[Data extract]
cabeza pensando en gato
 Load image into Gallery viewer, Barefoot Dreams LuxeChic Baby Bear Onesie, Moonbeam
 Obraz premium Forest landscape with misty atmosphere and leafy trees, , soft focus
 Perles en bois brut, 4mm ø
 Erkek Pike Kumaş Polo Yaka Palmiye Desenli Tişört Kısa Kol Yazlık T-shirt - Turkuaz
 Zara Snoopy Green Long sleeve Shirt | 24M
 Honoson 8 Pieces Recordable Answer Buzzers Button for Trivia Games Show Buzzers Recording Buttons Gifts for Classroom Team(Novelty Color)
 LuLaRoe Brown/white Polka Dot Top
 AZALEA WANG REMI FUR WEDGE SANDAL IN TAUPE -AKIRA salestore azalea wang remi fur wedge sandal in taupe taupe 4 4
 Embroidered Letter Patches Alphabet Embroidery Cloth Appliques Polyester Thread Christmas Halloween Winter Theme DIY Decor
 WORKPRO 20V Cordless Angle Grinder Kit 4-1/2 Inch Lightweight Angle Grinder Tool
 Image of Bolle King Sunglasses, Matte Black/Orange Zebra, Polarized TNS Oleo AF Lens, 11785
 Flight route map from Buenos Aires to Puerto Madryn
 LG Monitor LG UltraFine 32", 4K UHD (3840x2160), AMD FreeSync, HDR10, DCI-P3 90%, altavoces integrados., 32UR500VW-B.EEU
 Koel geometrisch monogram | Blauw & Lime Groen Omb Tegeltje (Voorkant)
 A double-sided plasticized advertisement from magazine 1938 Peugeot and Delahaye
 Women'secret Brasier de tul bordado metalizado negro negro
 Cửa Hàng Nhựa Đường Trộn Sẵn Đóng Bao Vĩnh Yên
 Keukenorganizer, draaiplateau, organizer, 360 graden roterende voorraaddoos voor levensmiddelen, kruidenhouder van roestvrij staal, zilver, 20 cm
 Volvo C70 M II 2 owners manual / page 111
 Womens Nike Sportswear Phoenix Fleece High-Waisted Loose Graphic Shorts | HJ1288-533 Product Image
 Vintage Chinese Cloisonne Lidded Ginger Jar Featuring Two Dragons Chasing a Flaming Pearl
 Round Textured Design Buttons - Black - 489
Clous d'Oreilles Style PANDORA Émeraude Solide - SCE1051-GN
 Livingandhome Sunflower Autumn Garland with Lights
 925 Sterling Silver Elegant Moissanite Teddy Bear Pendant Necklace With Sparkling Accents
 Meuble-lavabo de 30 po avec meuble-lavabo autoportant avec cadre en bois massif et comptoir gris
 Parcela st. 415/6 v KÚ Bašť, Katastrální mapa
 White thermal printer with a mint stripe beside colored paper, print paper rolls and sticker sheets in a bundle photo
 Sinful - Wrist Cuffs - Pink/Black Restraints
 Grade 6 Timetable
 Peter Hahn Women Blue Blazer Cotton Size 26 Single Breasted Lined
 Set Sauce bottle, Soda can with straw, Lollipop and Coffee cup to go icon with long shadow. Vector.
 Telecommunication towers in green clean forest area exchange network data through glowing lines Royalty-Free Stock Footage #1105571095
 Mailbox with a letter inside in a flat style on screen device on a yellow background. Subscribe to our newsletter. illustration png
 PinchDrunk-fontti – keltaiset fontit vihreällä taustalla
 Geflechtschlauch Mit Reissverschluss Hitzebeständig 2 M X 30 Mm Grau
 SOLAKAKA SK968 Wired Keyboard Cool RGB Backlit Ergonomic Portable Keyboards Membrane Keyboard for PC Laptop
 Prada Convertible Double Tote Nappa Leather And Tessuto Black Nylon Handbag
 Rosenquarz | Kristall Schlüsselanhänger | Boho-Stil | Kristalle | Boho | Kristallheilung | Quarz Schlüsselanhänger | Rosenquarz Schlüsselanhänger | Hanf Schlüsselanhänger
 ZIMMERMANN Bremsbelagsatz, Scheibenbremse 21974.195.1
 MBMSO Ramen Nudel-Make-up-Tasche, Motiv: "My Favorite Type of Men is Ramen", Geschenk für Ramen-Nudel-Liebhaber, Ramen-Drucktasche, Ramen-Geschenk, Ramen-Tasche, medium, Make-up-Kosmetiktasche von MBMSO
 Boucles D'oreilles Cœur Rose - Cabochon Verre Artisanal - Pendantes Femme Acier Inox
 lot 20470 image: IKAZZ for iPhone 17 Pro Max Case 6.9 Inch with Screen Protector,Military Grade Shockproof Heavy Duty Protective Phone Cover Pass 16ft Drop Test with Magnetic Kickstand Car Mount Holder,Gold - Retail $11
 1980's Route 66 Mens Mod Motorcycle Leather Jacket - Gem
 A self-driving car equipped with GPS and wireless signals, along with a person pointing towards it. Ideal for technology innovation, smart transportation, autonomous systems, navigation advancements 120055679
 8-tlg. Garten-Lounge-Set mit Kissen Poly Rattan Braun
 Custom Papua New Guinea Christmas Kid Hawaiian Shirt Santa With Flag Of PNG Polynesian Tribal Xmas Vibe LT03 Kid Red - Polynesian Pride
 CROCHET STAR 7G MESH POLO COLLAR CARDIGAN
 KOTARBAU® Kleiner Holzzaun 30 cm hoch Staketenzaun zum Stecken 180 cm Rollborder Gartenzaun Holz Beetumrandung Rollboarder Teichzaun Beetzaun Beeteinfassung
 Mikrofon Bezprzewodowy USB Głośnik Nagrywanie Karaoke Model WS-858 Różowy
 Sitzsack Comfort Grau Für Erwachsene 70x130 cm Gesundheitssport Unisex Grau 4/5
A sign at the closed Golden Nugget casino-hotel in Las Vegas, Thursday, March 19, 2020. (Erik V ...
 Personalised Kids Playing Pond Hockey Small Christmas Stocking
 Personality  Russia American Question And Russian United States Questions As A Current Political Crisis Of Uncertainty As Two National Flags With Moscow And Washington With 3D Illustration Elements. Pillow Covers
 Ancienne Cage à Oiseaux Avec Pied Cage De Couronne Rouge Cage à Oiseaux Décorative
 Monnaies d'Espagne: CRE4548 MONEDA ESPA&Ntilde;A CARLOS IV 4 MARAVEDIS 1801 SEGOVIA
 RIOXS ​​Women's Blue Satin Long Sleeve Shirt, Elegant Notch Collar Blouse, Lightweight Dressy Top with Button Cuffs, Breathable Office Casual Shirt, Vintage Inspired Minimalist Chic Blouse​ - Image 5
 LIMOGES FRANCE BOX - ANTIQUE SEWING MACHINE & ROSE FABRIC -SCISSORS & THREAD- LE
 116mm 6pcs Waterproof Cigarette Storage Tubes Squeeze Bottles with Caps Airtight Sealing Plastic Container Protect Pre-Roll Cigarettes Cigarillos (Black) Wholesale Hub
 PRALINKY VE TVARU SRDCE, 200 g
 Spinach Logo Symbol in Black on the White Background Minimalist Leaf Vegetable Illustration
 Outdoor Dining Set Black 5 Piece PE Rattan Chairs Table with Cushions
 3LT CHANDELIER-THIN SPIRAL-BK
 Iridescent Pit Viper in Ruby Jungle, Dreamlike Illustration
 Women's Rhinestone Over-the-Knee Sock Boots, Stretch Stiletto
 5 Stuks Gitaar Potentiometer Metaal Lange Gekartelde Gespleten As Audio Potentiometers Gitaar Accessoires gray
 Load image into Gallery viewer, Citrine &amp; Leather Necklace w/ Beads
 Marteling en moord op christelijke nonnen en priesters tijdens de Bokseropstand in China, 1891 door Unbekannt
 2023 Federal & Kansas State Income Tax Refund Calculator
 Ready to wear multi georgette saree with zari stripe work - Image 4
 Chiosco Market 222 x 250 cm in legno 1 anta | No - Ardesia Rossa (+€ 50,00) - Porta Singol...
[/Data extract]
Work required:
Copy out every line in the listing where the word "into" appears.

Answer for this exercise:
 Load image into Gallery viewer, Barefoot Dreams LuxeChic Baby Bear Onesie, Moonbeam
 Load image into Gallery viewer, Citrine &amp; Leather Necklace w/ Beads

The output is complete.